→ Stored data:
###

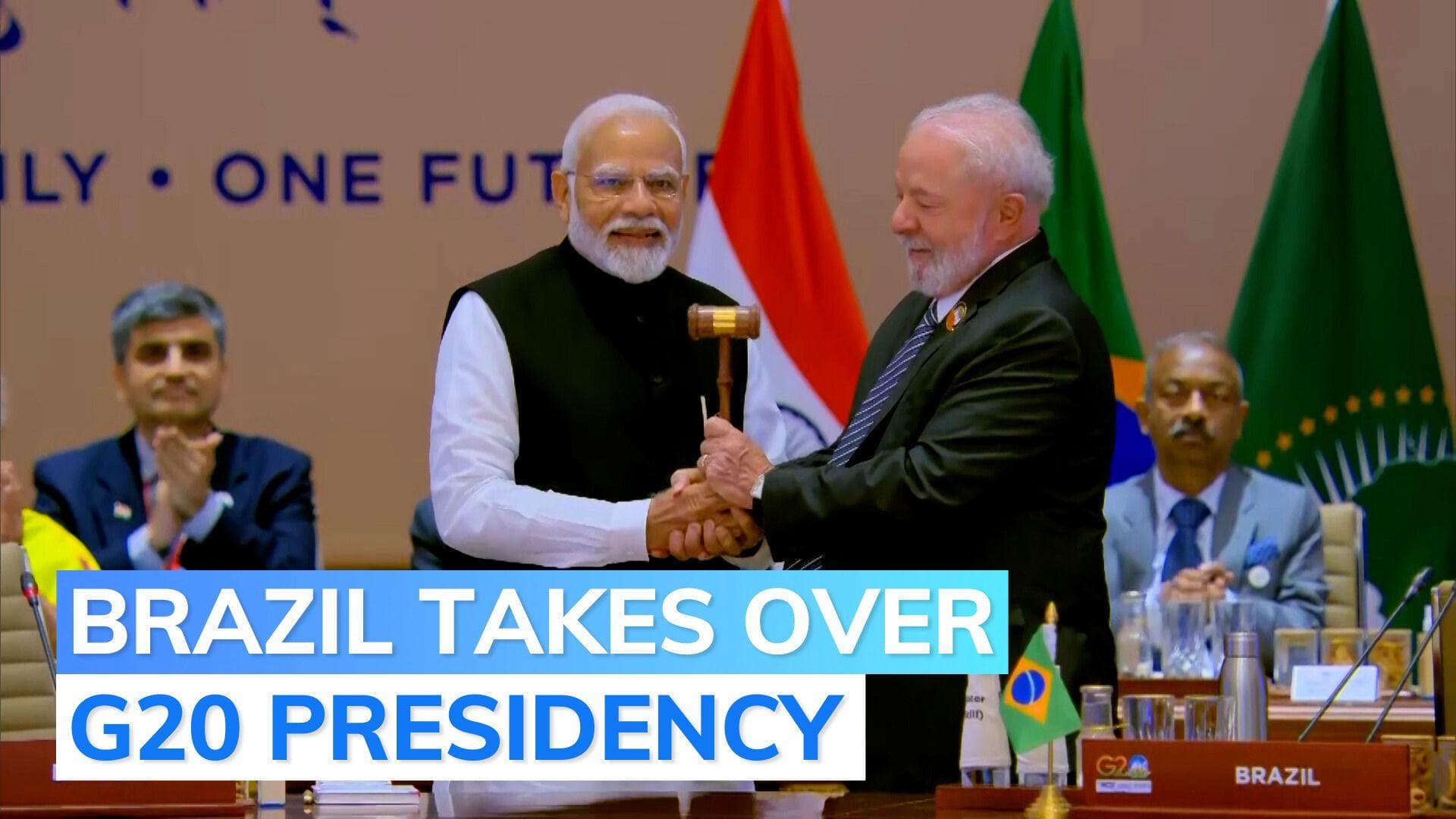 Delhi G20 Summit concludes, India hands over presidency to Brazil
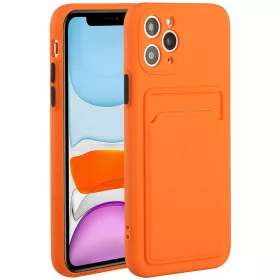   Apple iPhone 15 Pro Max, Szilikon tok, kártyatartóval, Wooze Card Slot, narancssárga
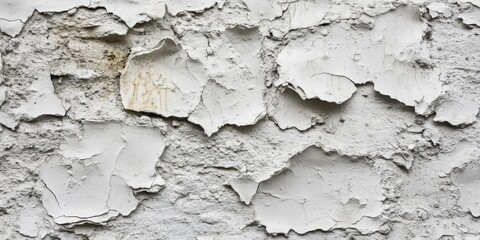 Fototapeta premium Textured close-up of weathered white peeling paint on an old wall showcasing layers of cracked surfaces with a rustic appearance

###

→ Directions:
Write out the material above exactly; no pictures.

→ Written response:
 Delhi G20 Summit concludes, India hands over presidency to Brazil
   Apple iPhone 15 Pro Max, Szilikon tok, kártyatartóval, Wooze Card Slot, narancssárga
 Fototapeta premium Textured close-up of weathered white peeling paint on an old wall showcasing layers of cracked surfaces with a rustic appearance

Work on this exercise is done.